**Scraped caption text data:**
= = =

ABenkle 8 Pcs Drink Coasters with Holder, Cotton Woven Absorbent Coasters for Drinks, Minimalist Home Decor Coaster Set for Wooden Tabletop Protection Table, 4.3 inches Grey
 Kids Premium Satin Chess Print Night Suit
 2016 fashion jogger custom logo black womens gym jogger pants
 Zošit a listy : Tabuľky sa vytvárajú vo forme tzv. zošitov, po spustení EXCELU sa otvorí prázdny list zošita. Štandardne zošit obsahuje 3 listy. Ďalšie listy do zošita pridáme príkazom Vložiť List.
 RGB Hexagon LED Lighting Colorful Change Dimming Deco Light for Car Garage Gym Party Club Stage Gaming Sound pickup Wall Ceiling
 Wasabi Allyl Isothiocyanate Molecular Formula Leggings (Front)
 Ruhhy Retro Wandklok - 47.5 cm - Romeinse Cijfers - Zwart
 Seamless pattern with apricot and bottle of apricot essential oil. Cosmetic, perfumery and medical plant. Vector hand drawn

= = =

**Task prompt:**
Output the records verbatim, from the first line to the last.

**Result for this exercise:**
ABenkle 8 Pcs Drink Coasters with Holder, Cotton Woven Absorbent Coasters for Drinks, Minimalist Home Decor Coaster Set for Wooden Tabletop Protection Table, 4.3 inches Grey
 Kids Premium Satin Chess Print Night Suit
 2016 fashion jogger custom logo black womens gym jogger pants
 Zošit a listy : Tabuľky sa vytvárajú vo forme tzv. zošitov, po spustení EXCELU sa otvorí prázdny list zošita. Štandardne zošit obsahuje 3 listy. Ďalšie listy do zošita pridáme príkazom Vložiť List.
 RGB Hexagon LED Lighting Colorful Change Dimming Deco Light for Car Garage Gym Party Club Stage Gaming Sound pickup Wall Ceiling
 Wasabi Allyl Isothiocyanate Molecular Formula Leggings (Front)
 Ruhhy Retro Wandklok - 47.5 cm - Romeinse Cijfers - Zwart
 Seamless pattern with apricot and bottle of apricot essential oil. Cosmetic, perfumery and medical plant. Vector hand drawn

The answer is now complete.